A Williams terminou de forma melancólica o GP da Hungria de F1, disputado neste domingo (26), com o 17º e o 18º lugares de Alexander Albon e Carlos Sainz, respectivamente, ficando à frente apenas de Oliver Bearman e dos três carros que abandonaram a prova. Chefe da equipe, James Vowles fez um balanço da difícil temporada até aqui.

Vowles assumiu a Williams em 2023 e passou a direcionar o foco para a temporada de 2026, quando um novo regulamento técnico entraria em vigor. Com esse argumento, convenceu Carlos Sainz e diversos outros integrantes a se juntarem ao projeto. No entanto, 2026 chegou e o cenário do campeonato até aqui está muito distante do que havia sido projetado. Em 11 etapas, a equipe somou apenas 11 pontos, com o oitavo lugar de Albon no GP de Mônaco como melhor resultado.
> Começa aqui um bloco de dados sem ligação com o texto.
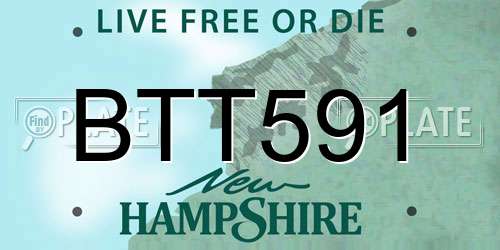 BTT591 New Hampshire License Plate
“Foi uma primeira metade do ano incrivelmente difícil. Em primeiro lugar, quero agradecer a toda a equipe, que trabalhou incansavelmente para superar um início complicado”, disse Vowles em um vídeo publicado pela Williams.
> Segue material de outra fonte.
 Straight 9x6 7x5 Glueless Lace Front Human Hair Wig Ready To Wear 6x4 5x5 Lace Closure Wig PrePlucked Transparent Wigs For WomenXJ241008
“Todas as nossas deficiências foram evidenciadas de uma forma inesperada durante o inverno. Isso nos atrasou bastante, e estamos fazendo tudo o que podemos durante esta temporada. Mas a realidade é que precisamos garantir que tudo esteja em ordem para 2027 e além. É um trabalho gigantesco”, destacou.

O chefe da Williams elogiou o trabalho de Sainz e Albon ao longo da temporada 2026 e admitiu que a equipe é responsável pelo fato de ambos estarem longe da disputa por pontos na F1.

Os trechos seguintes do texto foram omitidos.